There has never been any difficulty copying  photos onto Windows 10.   Anything that you may have read is false information.   If you insert your camera card into a card reader, Windows will recognize that card of images and want to copy them automatically into the Pictures folder and open the Windows Photo app.    If you are using Lightroom Classic as your image manager, you will want to stop Windows from doing the automatic image copy and even remove the process from Windows start up so than it does not interfere.   If you have Lightroom running at the time you insert the camera card into the card reader, Lightroom will automatically invoke the Import dialog.

There appears to be a lot of misunderstanding about how Lightroom works.   You could probably benefit from the free eBook download that Victoria has created for people just like you FREE Lightroom eBooks


----------



## sie (Mar 14, 2020)

Philippe Coudé du Foresto said:


> I never heard about that. Putting photos on Win10 is just a matter of copying files to a Win10 storage as in any OS. From the OS point of vue, photos files are no different from other files.
> Do you try to copy them directly from the camera or from a card reader ?

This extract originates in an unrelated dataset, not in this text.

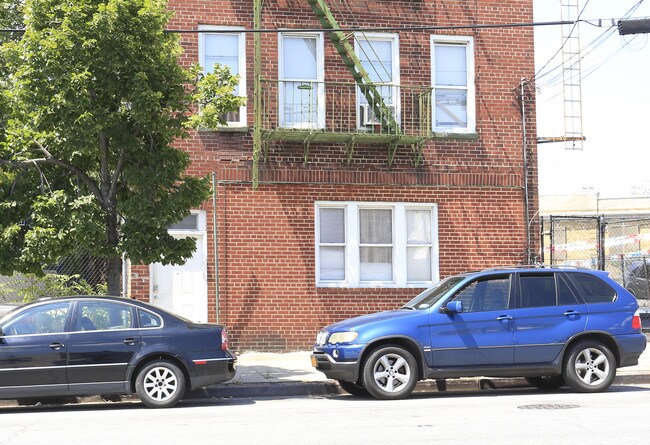 3229 Boston Rd in Bronx, NY - Building Photo - Building Photo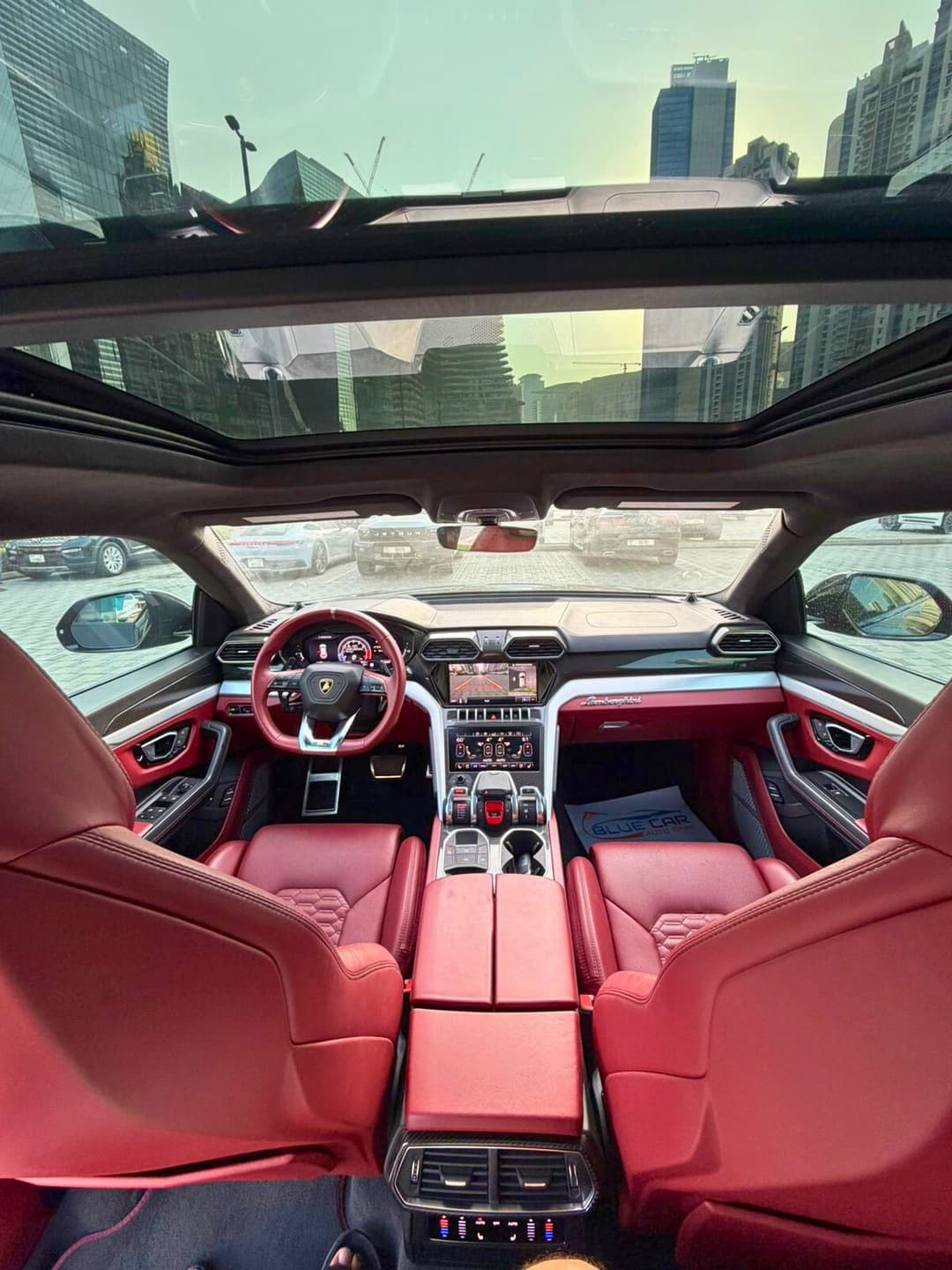 Lamborghini Urus - Image 10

I did not want to use One  Drive because it is a cloud storage service and I don't like cloud storage. I also don't like or use  Bing and Outlook. 
Re: your question - I haven't yet uploaded from my camera to Windows 10 but when I was using Windows 7 I uploaded directly from my camera with no problems at all.


----------



## sie (Mar 14, 2020)

clee01l said:


> There are at issue two things here.  In your initial post,  you said .   Lightroom Stores all of the work that you do on images (including the folder location) in the Lightroom Catalog file.  This is why the link that I referenced earlier is so important —  How do I move Lightroom to a new computer? | The Lightroom Queen
> _*The import process is not involved when moving your Lightroom data to a new computer.*_
> 
> The second issue is unrelated to moving your Lightroom files to a new computer. Normally folders are created in the import process or in the Folder panel .  The only way to get the path to your image files into the database that is the Lightroom Catalog file is to use the import process  or to create a folder in the Lightroom Folder panel .   If you do not import directly from the camera card, and your image files are already in folders created by Windows Explorer or some other app (FastStone) then you still need the import proceed and it "ADD" function to catalog the image files and the path to those files.
> ...



Thank you for this info. I am going to take a few days to digest all of this.


----------